PROBLEM STATEMENT:
Output, exactly as written, the lines below starting at the line containing "Textured gray background" and ending at the line containing "在公路上搭便车的旅游女孩". Drop the pictures and keep both end lines.

═════ SOURCE MATERIAL

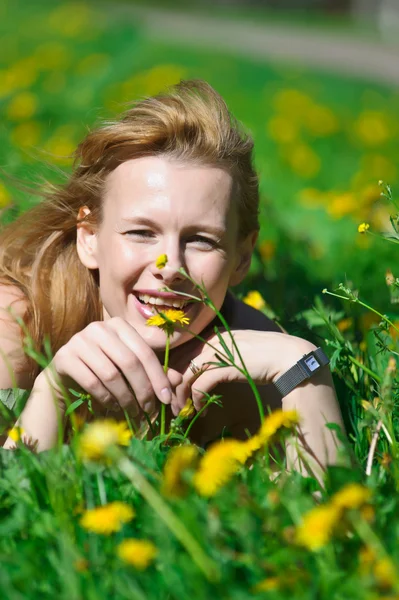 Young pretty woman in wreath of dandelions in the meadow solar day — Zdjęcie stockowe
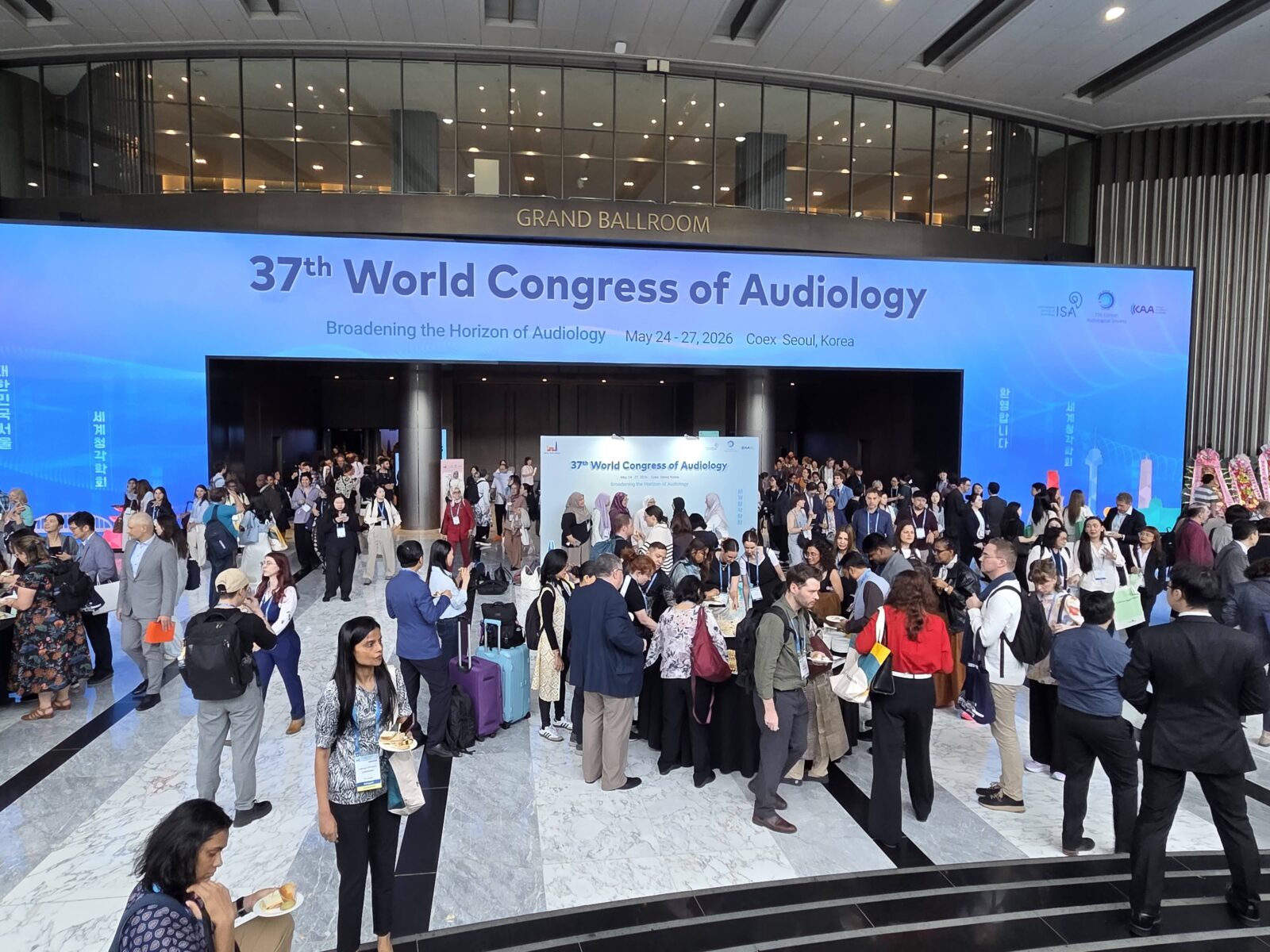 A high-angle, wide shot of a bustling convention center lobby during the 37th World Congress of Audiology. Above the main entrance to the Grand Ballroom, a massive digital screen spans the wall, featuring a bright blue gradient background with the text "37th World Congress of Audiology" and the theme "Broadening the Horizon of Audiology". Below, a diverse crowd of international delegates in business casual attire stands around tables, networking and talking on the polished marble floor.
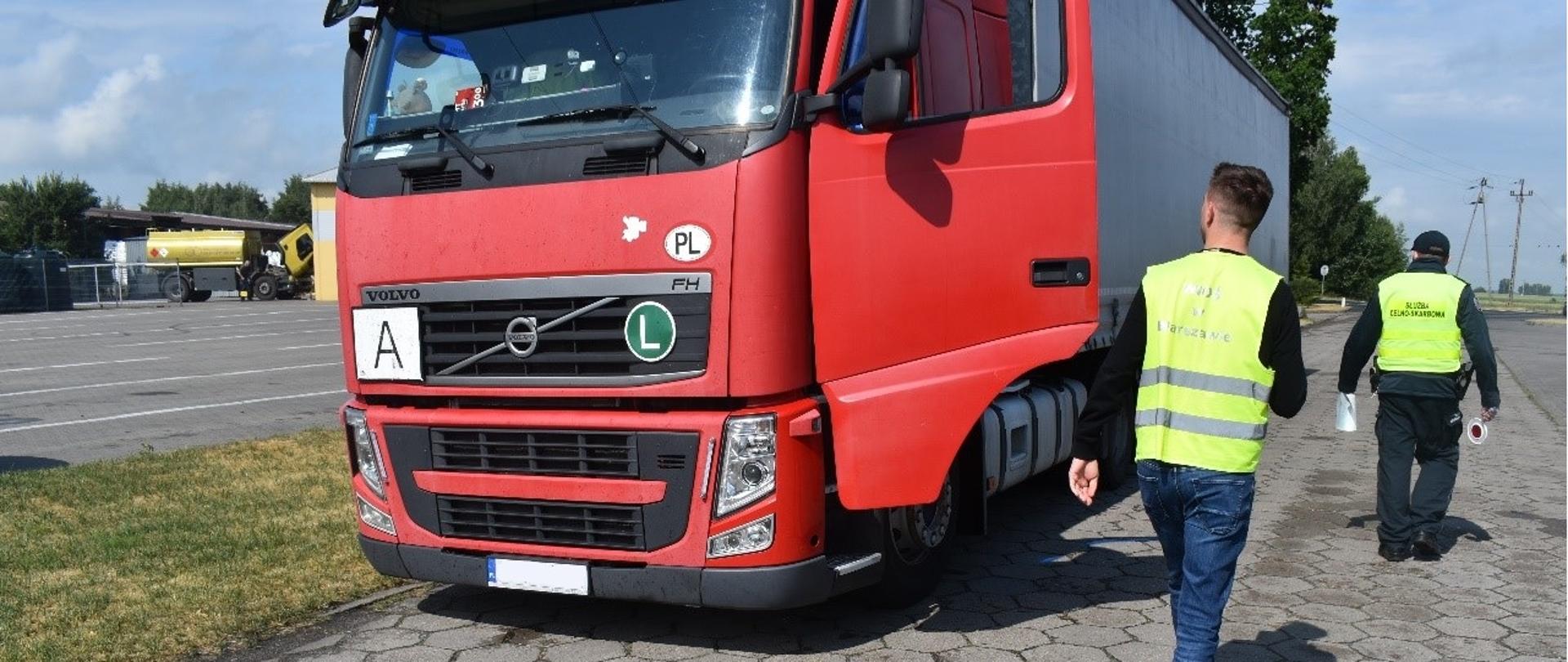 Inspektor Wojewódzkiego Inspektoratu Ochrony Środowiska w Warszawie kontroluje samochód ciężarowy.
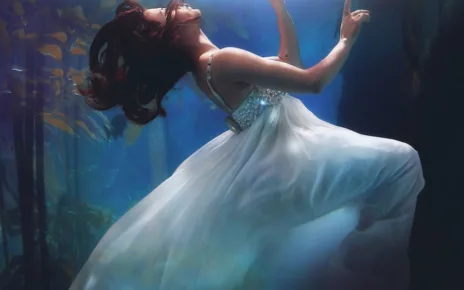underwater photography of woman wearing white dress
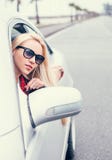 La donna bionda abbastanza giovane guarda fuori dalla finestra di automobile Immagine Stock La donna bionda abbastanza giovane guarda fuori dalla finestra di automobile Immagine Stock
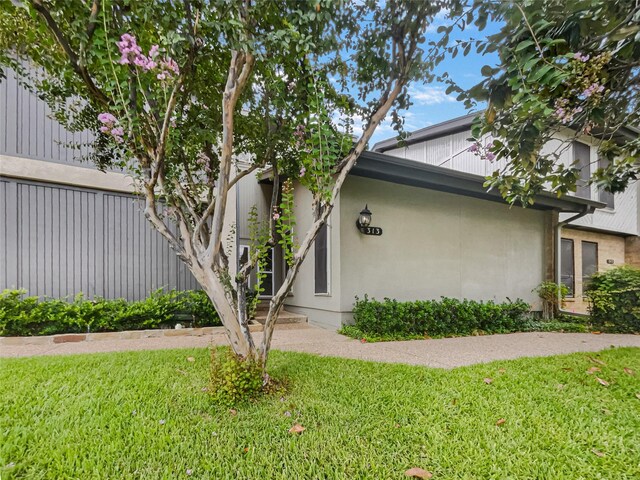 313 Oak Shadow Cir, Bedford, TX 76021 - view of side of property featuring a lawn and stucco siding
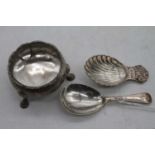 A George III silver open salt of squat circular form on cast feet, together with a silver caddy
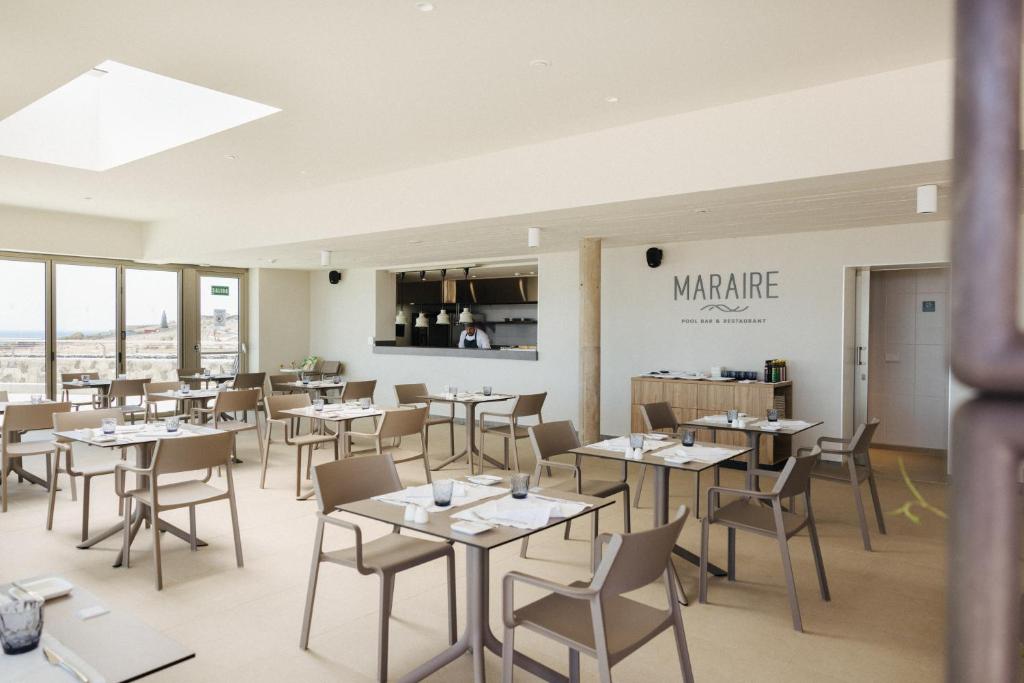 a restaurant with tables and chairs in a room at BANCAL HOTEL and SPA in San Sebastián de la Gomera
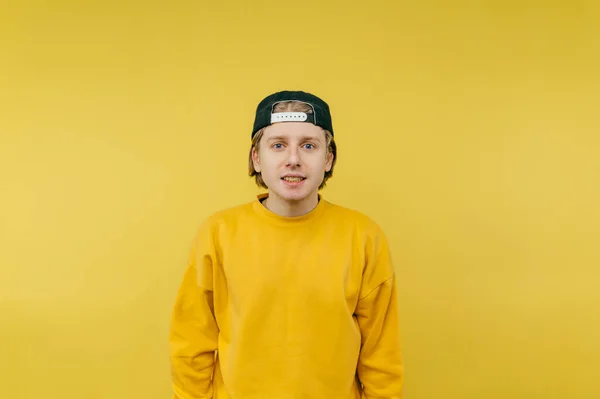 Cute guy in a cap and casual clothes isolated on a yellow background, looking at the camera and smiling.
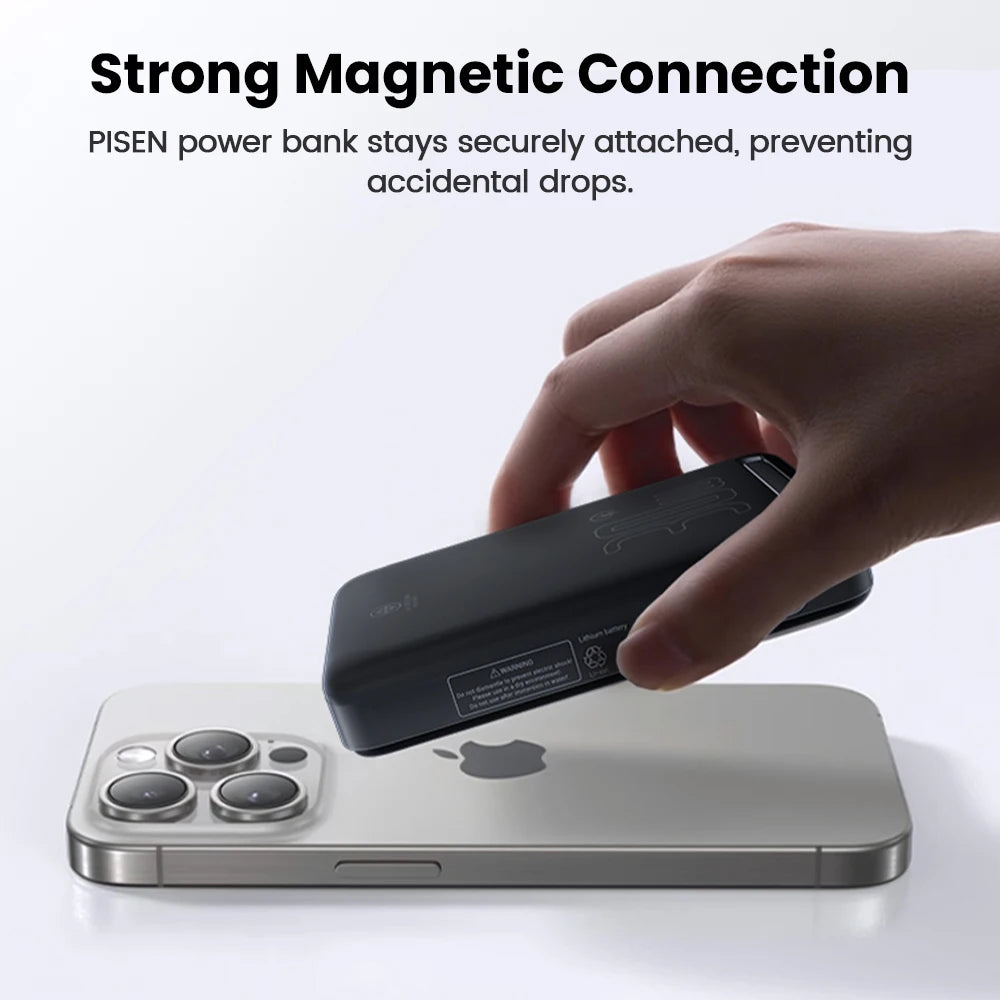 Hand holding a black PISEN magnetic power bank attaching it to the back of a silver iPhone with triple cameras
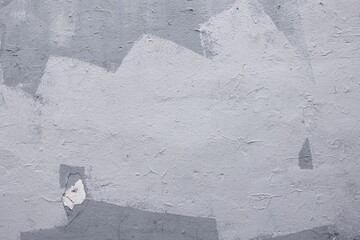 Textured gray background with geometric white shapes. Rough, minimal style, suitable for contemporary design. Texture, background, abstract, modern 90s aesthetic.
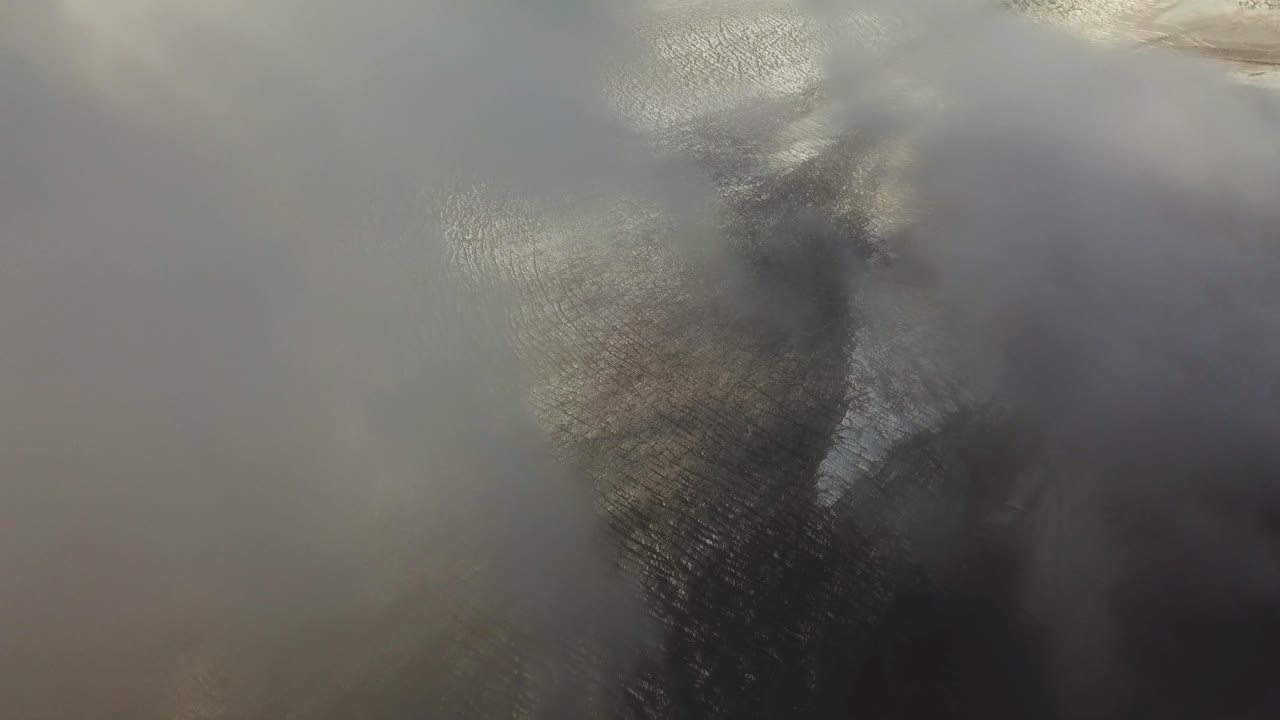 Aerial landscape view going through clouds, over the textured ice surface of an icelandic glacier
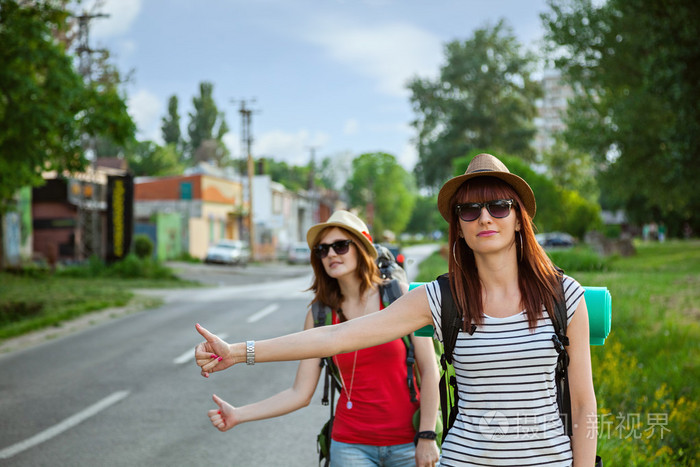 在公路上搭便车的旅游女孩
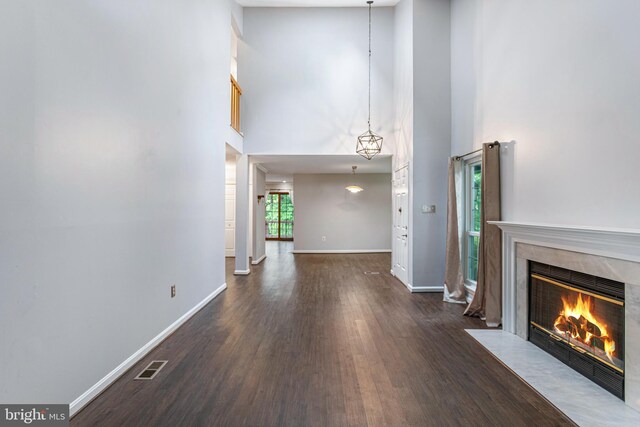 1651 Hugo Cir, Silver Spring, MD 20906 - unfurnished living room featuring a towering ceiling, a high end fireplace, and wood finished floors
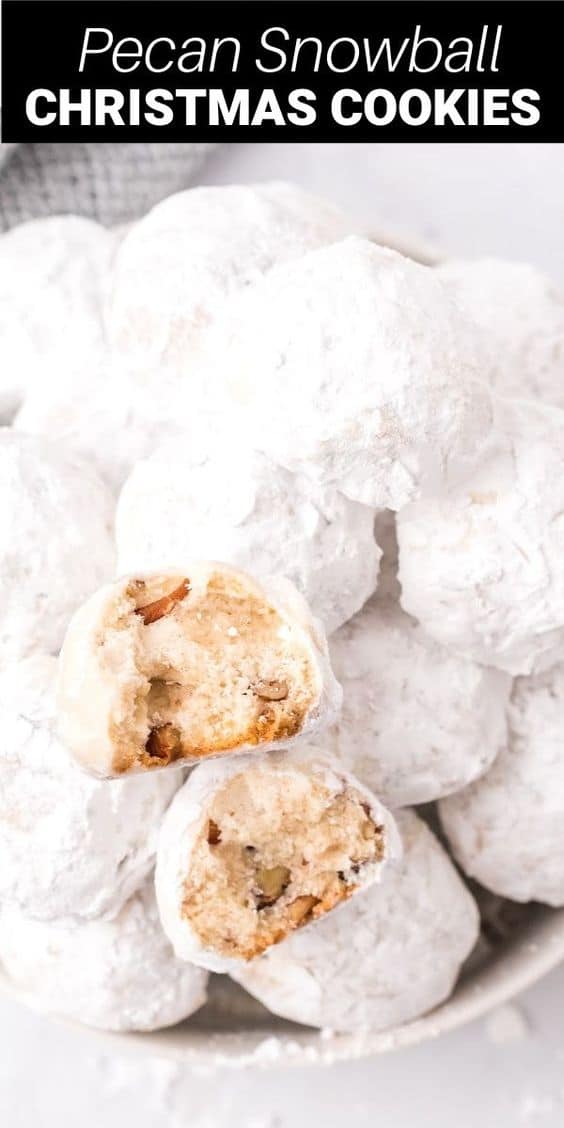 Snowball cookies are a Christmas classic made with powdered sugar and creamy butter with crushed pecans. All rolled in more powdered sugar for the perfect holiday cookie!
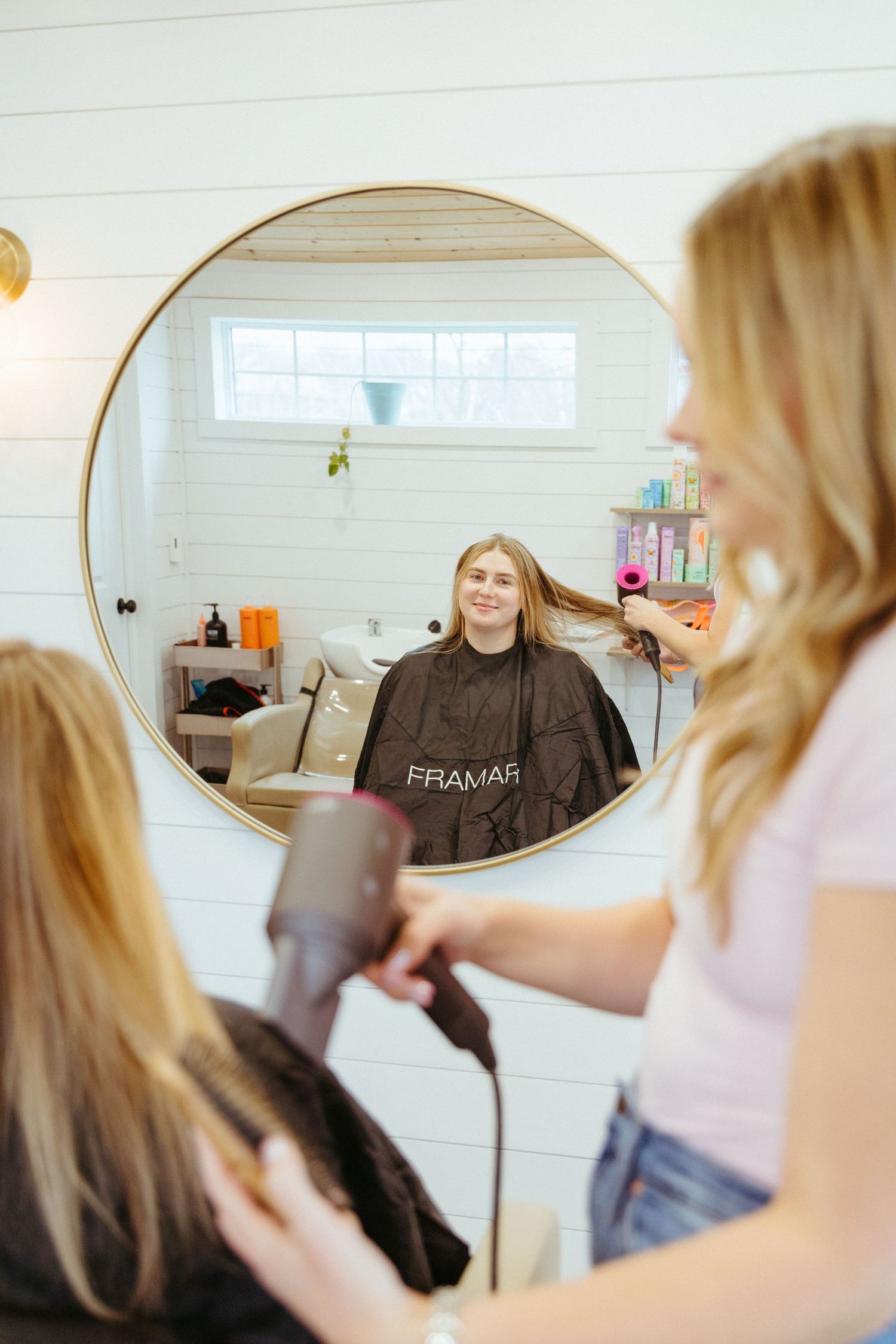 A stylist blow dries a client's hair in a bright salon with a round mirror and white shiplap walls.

══════════

EXERCISE ANSWER:
 Textured gray background with geometric white shapes. Rough, minimal style, suitable for contemporary design. Texture, background, abstract, modern 90s aesthetic.
 Aerial landscape view going through clouds, over the textured ice surface of an icelandic glacier
 在公路上搭便车的旅游女孩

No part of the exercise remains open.